Já em relação ao homicídio doloso comum, os números tiveram uma queda expressiva. Em 1993, quando aconteceu a chacina, a taxa por 100 mil habitantes foi de 58,7 mortes, três vezes maior que a do ano passado, quando ficou em 17,4. Em números absolutos, foram 7.518 mortes em 1993 e 3.059 em 2022.
Procurada, a Polícia Militar disse que o número de mortes por intervenção de agente do estado caiu 15% este ano em comparação com 2022, que, por sua vez, é 1,9% menor do que 2021.
A corporação afirmou também, em nota, que os dados de segurança do estado “revelam o grau de complexidade enfrentado diariamente pelos policiais” e que a atuação dos agentes tem como “preocupação central a preservação de vidas e o cumprimento irrestrito da legislação em vigor”.

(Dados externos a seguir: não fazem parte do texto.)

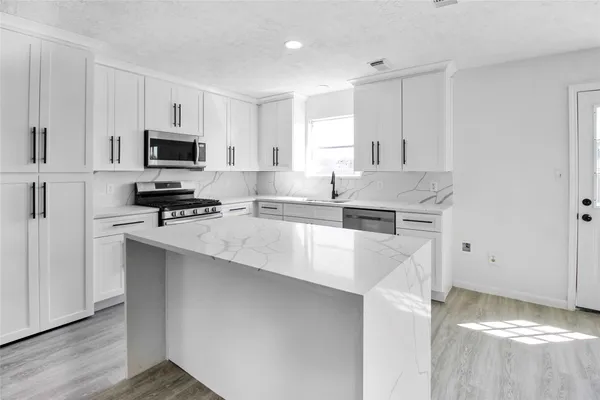 a kitchen with stainless steel appliances a stove a sink a microwave and cabinets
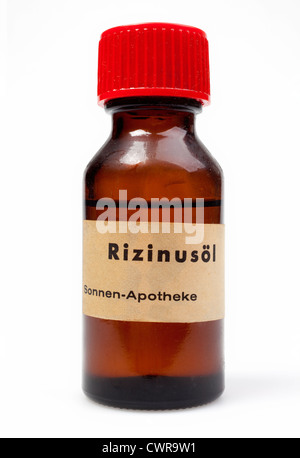 Le ricin (Ricinus communis), petite bouteille avec de l'huile Banque D'Images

Já em relação às taxas de elucidação, menos de um terço das mortes violentas costumam ter uma conclusão. No Rio, apenas 30,7% dos óbitos em ação policial foram esclarecidos em 2020 dado mais recente do ISP. Esse percentual é ainda menor quando se trata dos homicídios dolosos em geral: 20,7%.
O ISP não tem dados da taxa de elucidação anteriores a 2013 para homicídios dolosos ( 4.745 mortes), e a 2017 para mortes por intervenção de agente do estado (1.118).
Procurada, a Polícia Civil, responsável pelas investigações, não respondeu sobre os percentuais de mortes esclarecidas.
UM NOVO PERFIL DE CHACINA
No Brasil, embora não haja uma tipificação legal para definir o que é chacina, há um consenso entre especialistas de que o termo serve para designar casos em que ocorram três ou mais mortes intencionais em um mesmo episódio, independentemente de quem as cometeu seja civil ou agente do estado.
A década de 1990 no Rio de Janeiro ficou marcada por, ao menos, três grandes chacinas: a da Candelária, a de Vigário Geral, em agosto de 1993, e a de Acari, em julho de 1991. Nas duas primeiras, foram condenados policiais militares que cometeram os homicídios fora do horário de serviço.
Já a terceira nunca teve seus culpados identificados, embora as investigações da época apontassem para a participação de policiais civis e militares que teriam tentado extorquir dinheiro de algumas das vítimas. O caso prescreveu em julho de 2010 sem ter conclusão.
Segundo um levantamento feito pelo Geni/UFF, três décadas depois desses casos, o perfil de chacinas no estado mudou e passou a ocorrer nas operações policiais episódios que receberam, segundo os especialistas, o nome de “chacinas policiais”.
A pesquisa apontou que 252 das 341 chacinas notificadas entre 2017 e 2022 foram cometidas em operações policiais. Das 1.342 vítimas desses episódios, a ampla maioria, isto é, 1.024, foram mortas nessas incursões.
Segundo o coordenador do Geni, Daniel Hirata, a violência dos anos 90 cometida por policiais de folga e ligados a grupos criminosos abriu margem para que a letalidade continue alta ainda hoje, 30 anos depois.
“Todos esses casos tão chocantes, quando a gente olha com o devido recuo, percebe que não houve responsabilização pelo que foi feito. Foram muitas chacinas e operações nesse período. A sinalização que fica é que você pode fazer o que quiser que não terá consequência”, disse.